My own experience of teaching on such courses comes from three contexts: in 2009, I launched an MA in Online Journalism at Birmingham City University with an explicit focus on data-driven techniques (the term ‘data journalism’ was yet to be popularized), and a year later I acted as an advisor to the MA in Interactive Journalism offered at City University London (I later delivered classes as a visiting professor). Finally, in 2017, I decided to launch a dedicated MA in Data Journalism at Birmingham City University, reflecting the expansion of the field in recent years.
In this section, I will talk about the factors that shaped course design, and how student output compared to the objectives of the course.

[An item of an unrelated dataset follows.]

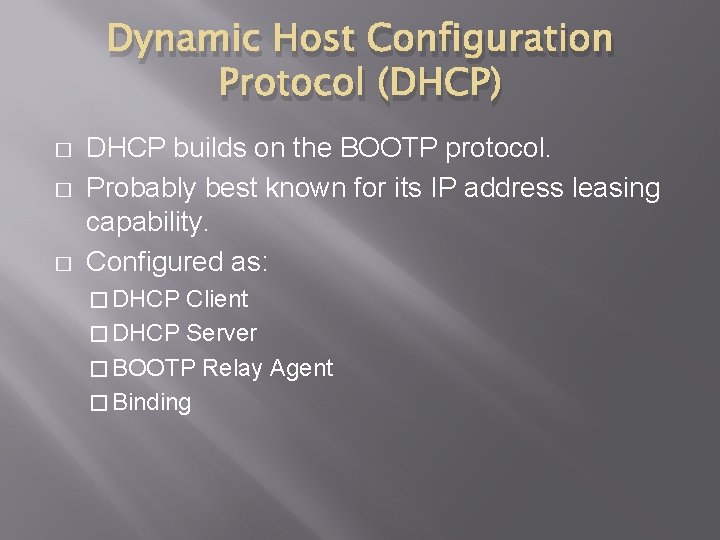 Dynamic Host Configuration Protocol (DHCP) � � � DHCP builds on the BOOTP protocol.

Course Design: Fitting It all In
If the challenge in teaching ‘fast’ data journalism is how to boil it down to the essentials and motivate word-oriented students, teaching ‘slow’ data journalism brings a very different challenge: how to do justice to the vast diversity of the field. This diversity is what makes data journalism qualitatively different from its antecedent computer-assisted reporting: to spreadsheets and databases, data journalism has added visualization and mapping, interactivity and coding, networks and application programming interfaces (APIs).
There are broader forces at work, too: changes in journalism as a whole mean data journalists are not exempt from the requirement to learn how to tell stories with video, audio, text and images; they must be able to work within a range of newsrooms and routines that are increasingly networked, collaborative and informed by analytics.
Other journalism courses struggle too with such a proliferation of change in the industry—but data journalism courses in particular must manage the same competing tensions while attempting to remain at the forefront of the next wave of change. At the time of writing, there is a wave of innovation driven by ‘big data’, automation, algorithms and artificial intelligence (AI), alongside a new and expanding body of literature attempting to address the ethical, legal and broader critical issues raised by data-driven practice.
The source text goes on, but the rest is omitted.